When mankind fell in Eden, and God began the work of redeeming us, the first weapon he placed in our hands was work. "Painful toil" is an accurate translation of the word God used both for tilling the ground and for bearing children. And even today it hurts, and we call it menial. Even with my trusty vacuum and my dishwasher, still, it hurts my pride, knowing I am capable of sublime* things, and yet  being kept busy folding laundry, or cleaning the litter box.

It is the vacuum, and not the laptop, which grows my character. Indeed, the very fact that I draw personal value from writing arguably disqualifies it from being an act of character.  The exercise of the mind is a good thing, it helps to make us human.  Theology is essential to the service of God.**  But it is unglamorous work that pushes and stretches, and grows me.

So I guess the irreverent British comedians have this one right.  Blessed are the cheesemakers. We are growing in grace.

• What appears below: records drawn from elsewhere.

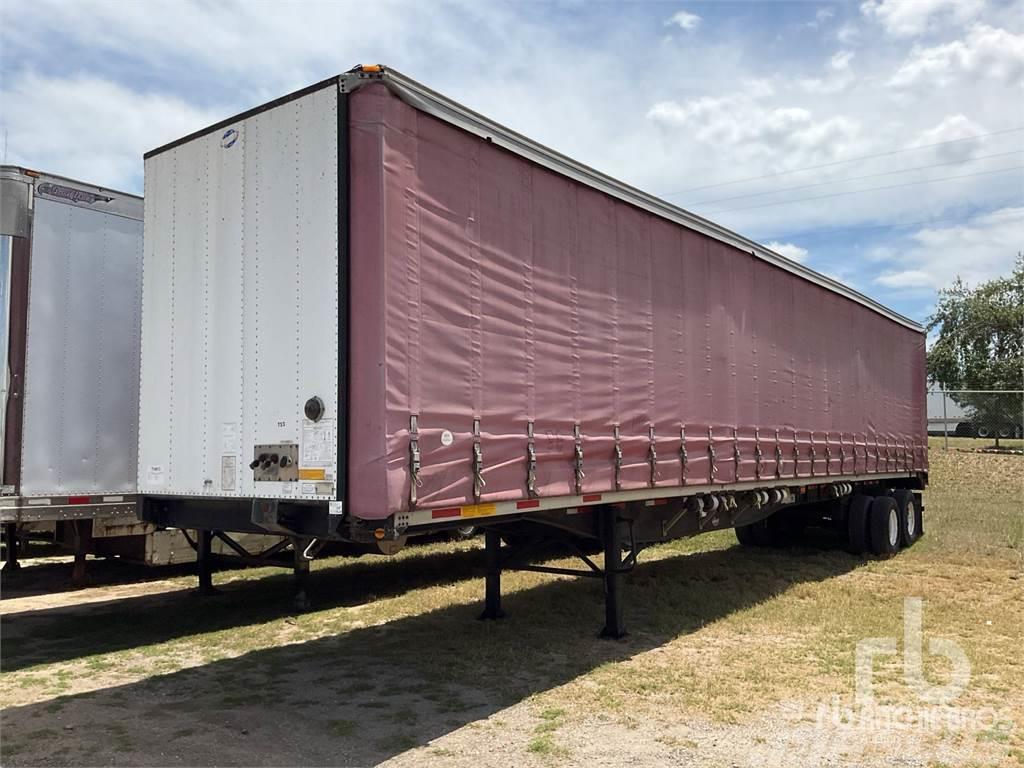 Utility 48 ft T/A Semi-trailer med Gardinsider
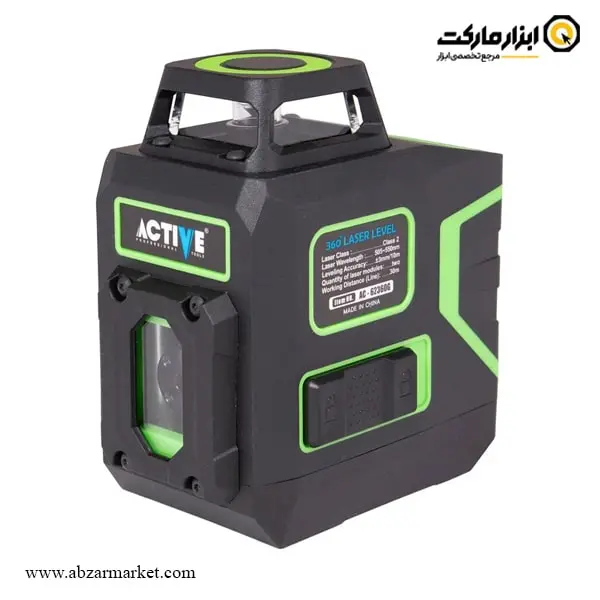 تراز لیزری اکتیو دو خط 360 درجه نور سبز مدل AC-62360G تراز لیزری اکتیو دو خط 360 درجه نور سبز مدل AC-62360G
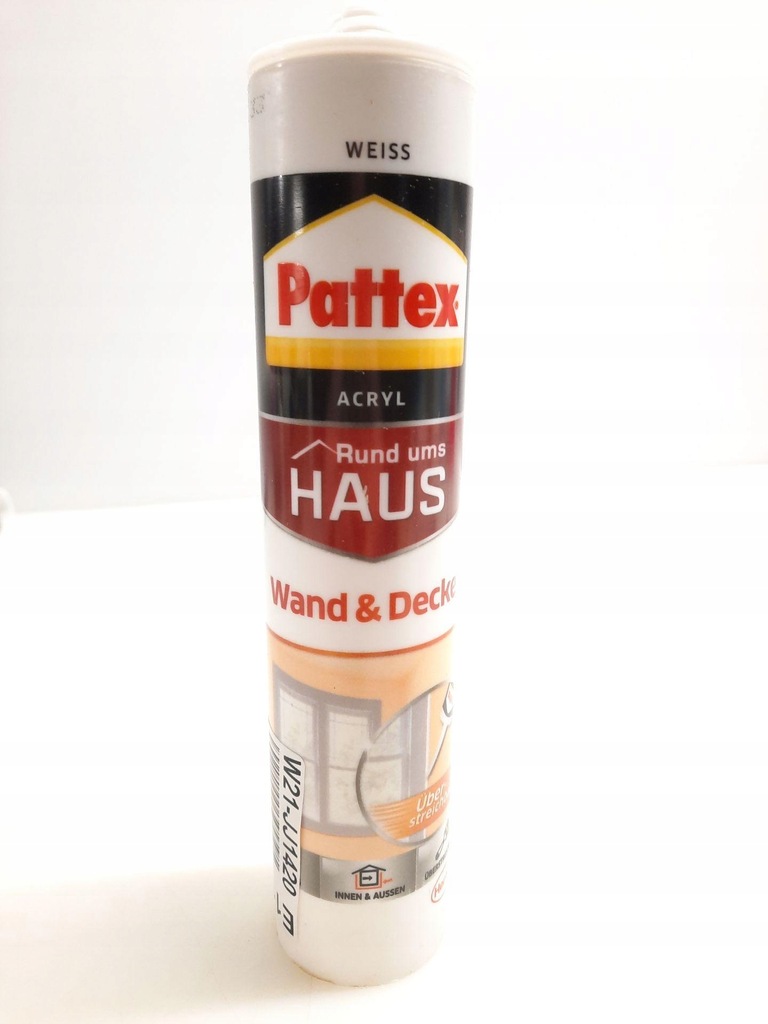 SILIKON PATTEX BIAŁY 300 ML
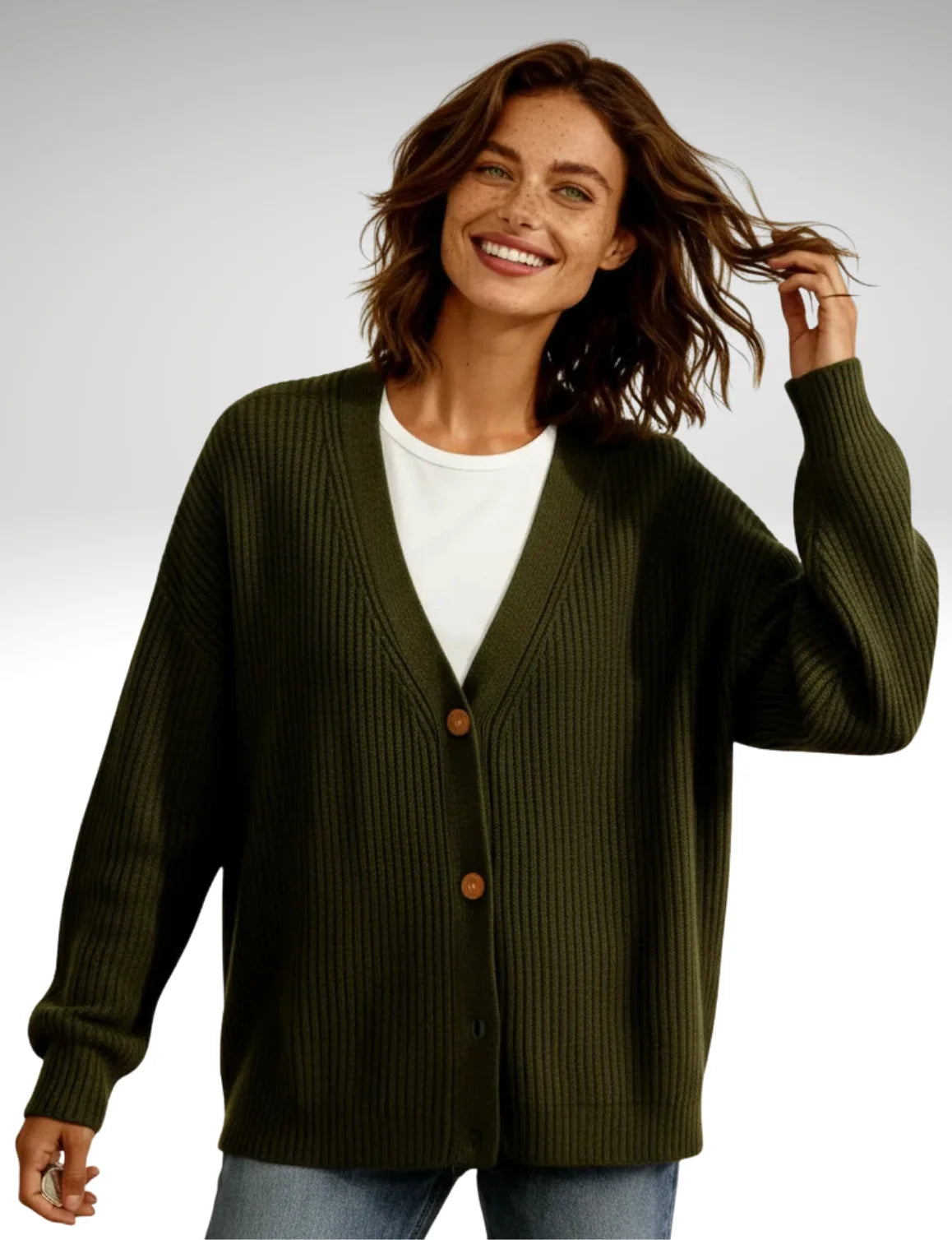 Millfield | Oversized Rib Cardigan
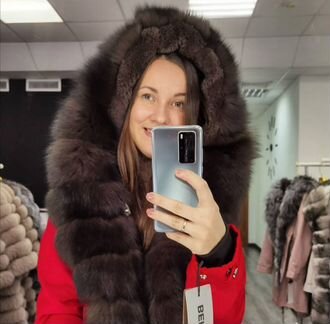 Парка с натуральным мехом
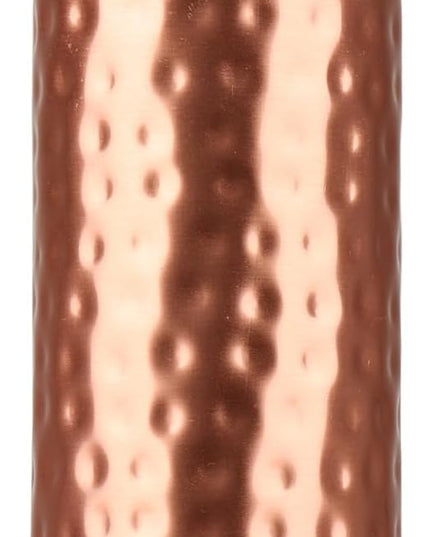 34 Oz Pure Copper Water Bottle Set – Leak-Proof Hammered Design with Tumbler, Carrying Bag & Smooth Finish Decorative – Copper Home Decore
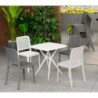 Sedia Da Interno / Esterno Sabine Grey 47X62X102 Cm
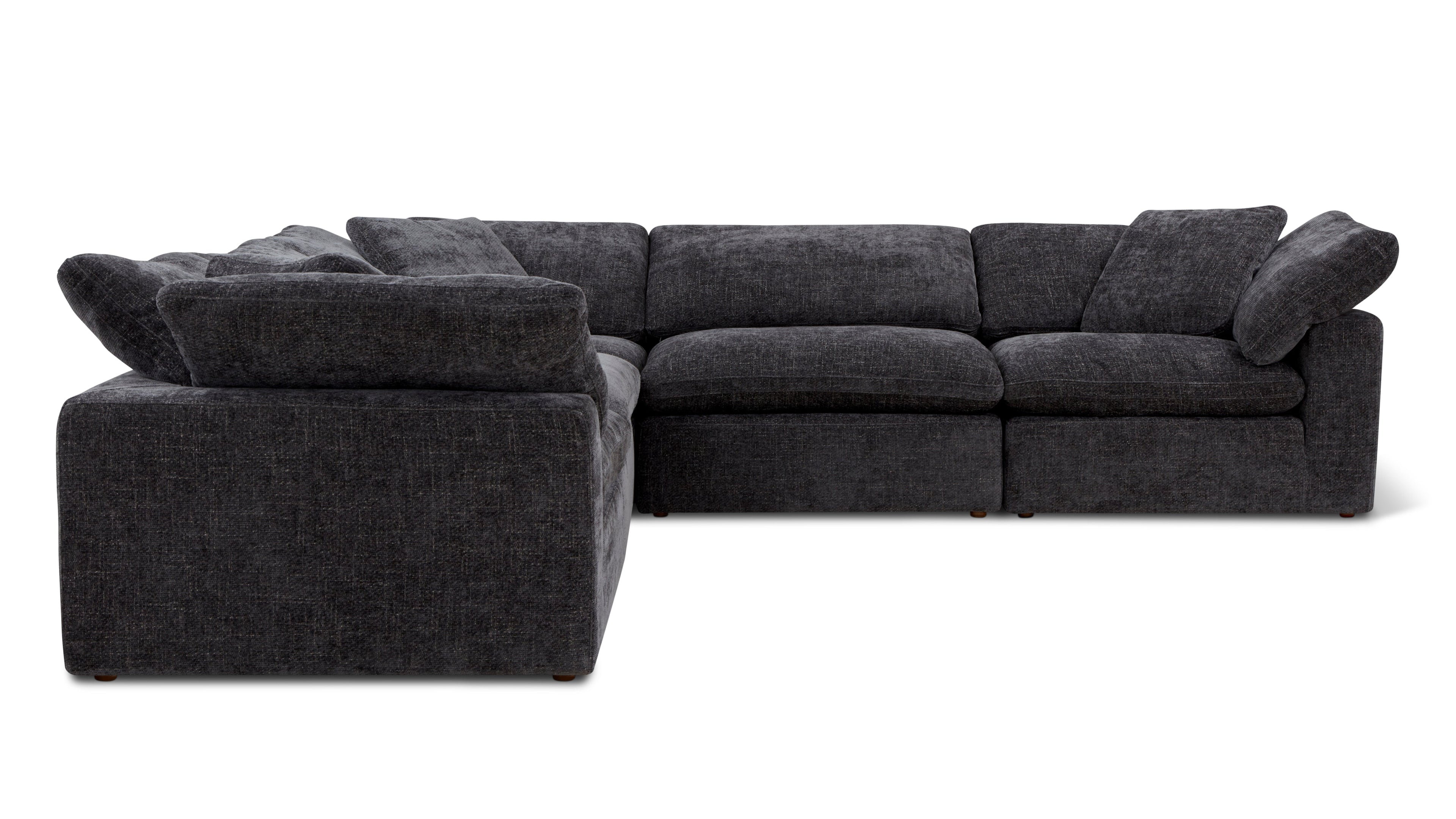 Movie Night™ 5-Piece Modular Sectional Closed, Large, Truffle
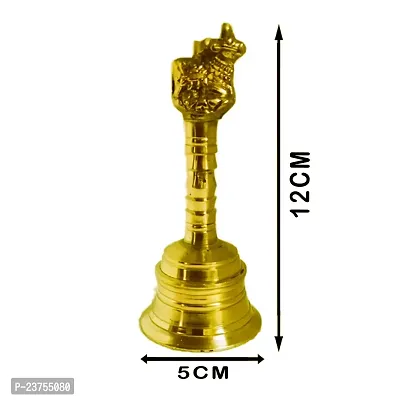 Subhekshana Brass Pooja Bell ndash; Ghant, Brass  Metal pooja Bell (4.8 Inchs Height)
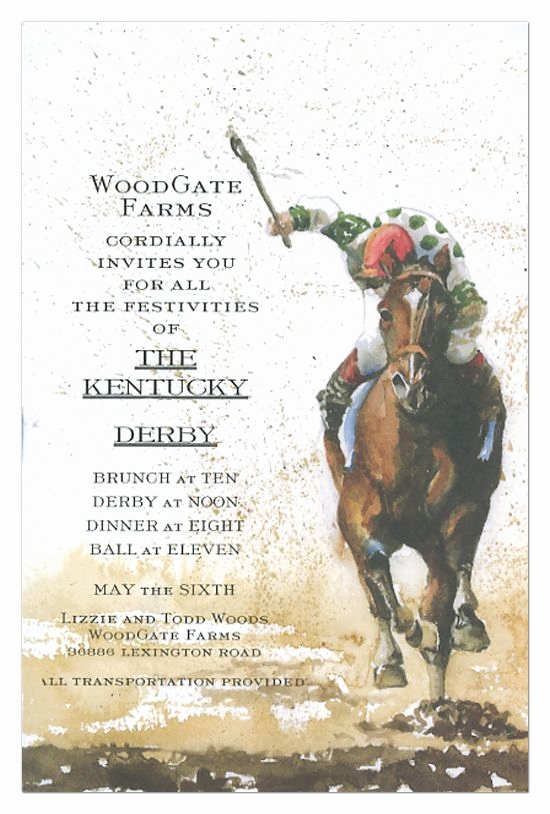 Kentucky Derby Invitation Templates Free Collegio Sanlorenzo Template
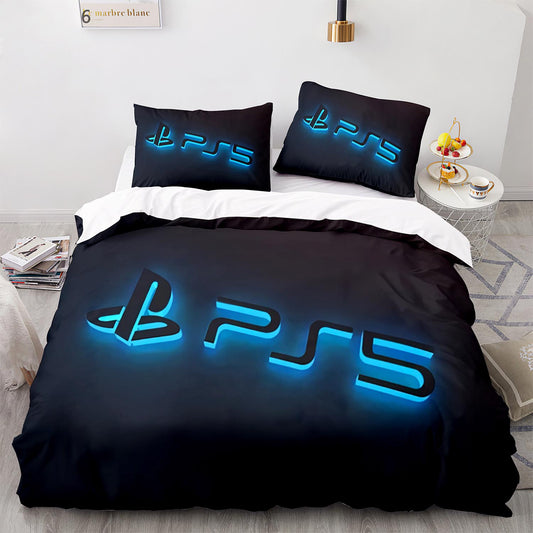Housse de couette personnalisée avec logo photo pour garçons et filles, ensemble de literie sur mesure à faire soi-même, parure de lit design, housse de couette Queen Size PS1025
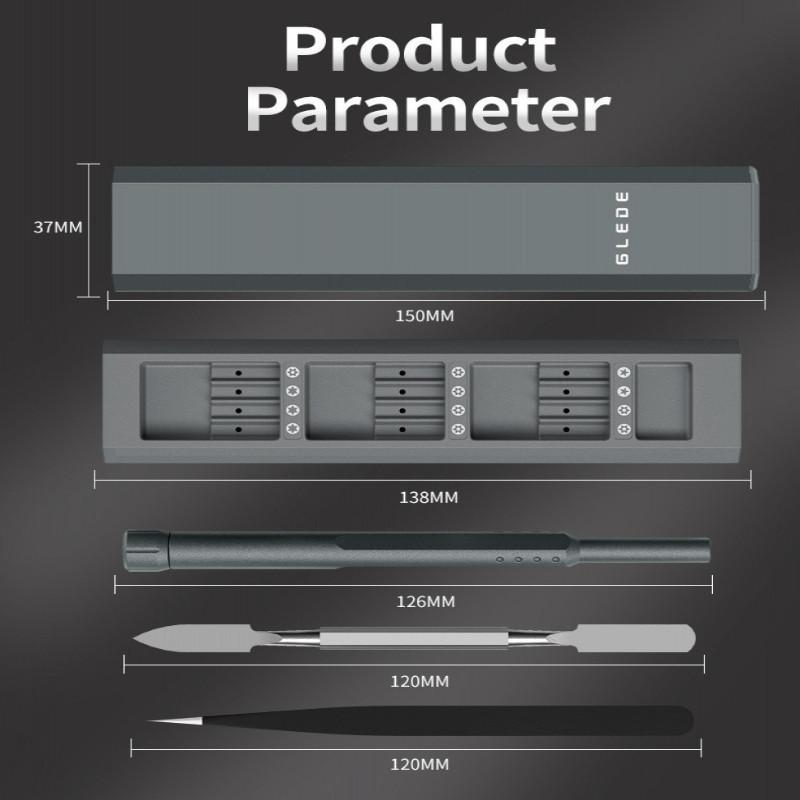 Zestaw 44 w 1 cichych wkrętaków, domowy zestaw wkrętaków precyzyjnych, zestaw narzędzi do naprawy, wielofunkcyjny, wysoki moment obrotowy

So I offer my respect to all of you cheesemakers out there.  Because there's more to cheesemaking than cheese. What makes your work honorable, what gives it dignity, is you. You are the image and glory of God, and the work you do is not trivial because it makes you more like him. May God bless you!



*at least I think so

**This is very, very, very important.  Because I love theology, and philosophy, and storytelling, and I wouldn't ever want to appear to disparage them in any way.

Friday, November 10, 2017

"Suffer the Little Children to Run in Church"

Hi, my name is Laura, and my kids run in church.

I used to have an excuse for it--we were the pastor's family. Everyone knows about pastor's kids, after all. My official stand was that I'd decided to embrace the stereotype, rather than fight it. But I don't have that excuse any more. 

I do make efforts, of course. I dress them in comfortable clothes, so we don't get unneeded grouchiness. I take them to Sabbath School, so they know church can be fun. We wait in the lobby as long as possible, to limit the time of confinement. And then we take a deep breath, and walk into the worship service, armed with snacks and books and toys, and prepared to hear very little of the sermon, keeping them quiet and happy.

But we're all tight as a bowstring by the time church ends. They are ready to be let loose. And because I don't want to come and go without speaking to anyone, I stop and talk. And they run.

We've moved churches twice since the twins were old enough to toddle. There's something nice about those first two weeks, when they're still in awe of their new surroundings. But by week 3, J has always decided he owns the place, before I have a chance to make relationships with people there which will give me the benefit of the doubt regarding my parenting. There's always someone ready to step in, and give my children the instruction I must be neglecting.

I have seen a lot of childless churches. And I've heard a lot of church members say how much they love children, and want to hear their footsteps and little voices in their halls. And who doesn't want those perfect doe eyes when they're extorting the children's offering?

But kids come with baggage.  Specifically, they come with noise, motion, and Cheerios to grind into the carpet.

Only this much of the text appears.